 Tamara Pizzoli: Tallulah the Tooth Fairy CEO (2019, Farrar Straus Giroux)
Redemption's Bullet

---

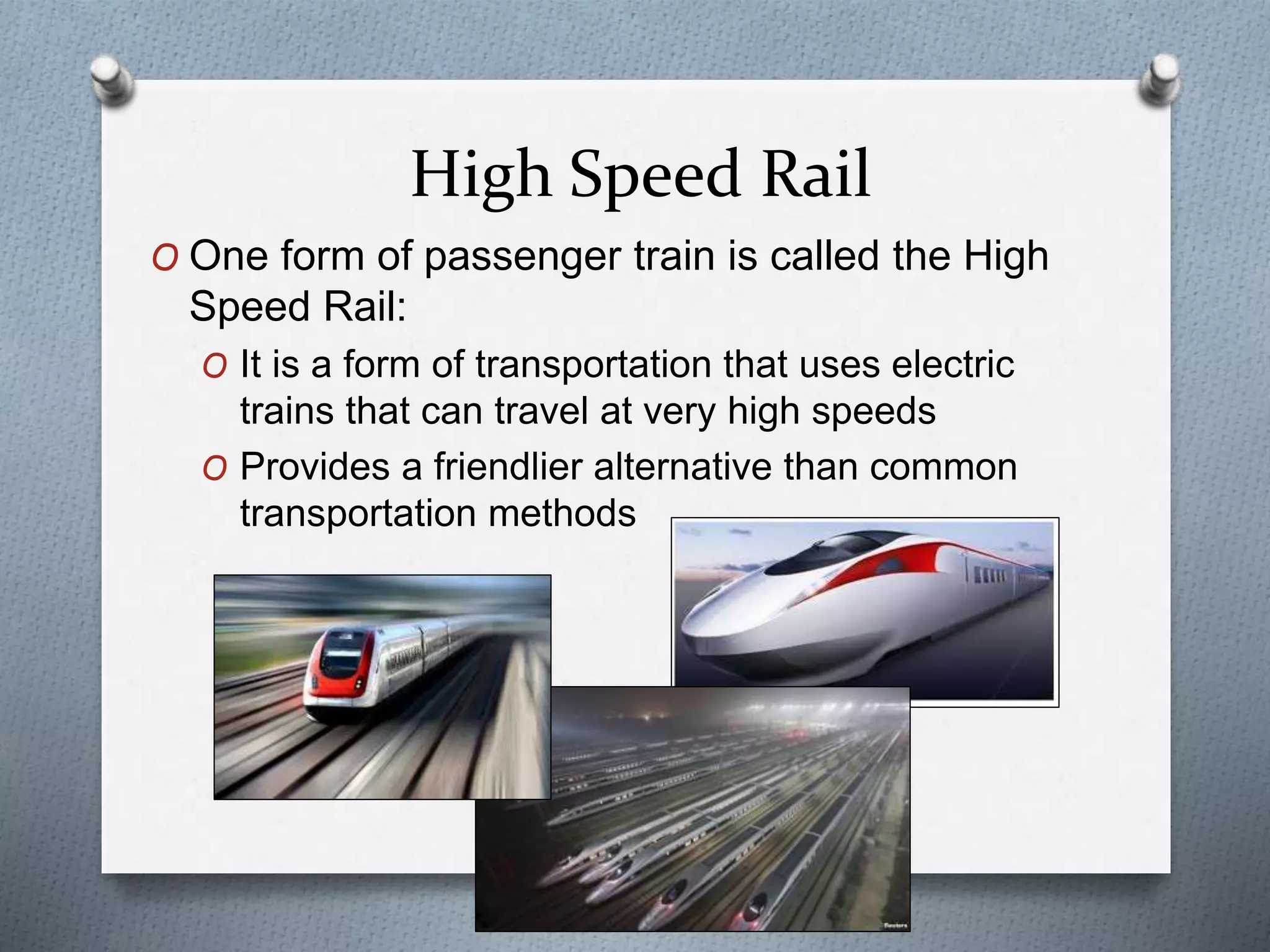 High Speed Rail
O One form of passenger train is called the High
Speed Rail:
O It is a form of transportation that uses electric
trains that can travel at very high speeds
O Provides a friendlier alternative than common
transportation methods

** Required action **
One number answers this exercise: the count of lines above in which the word "transportation" appears.

** Problem solution **
2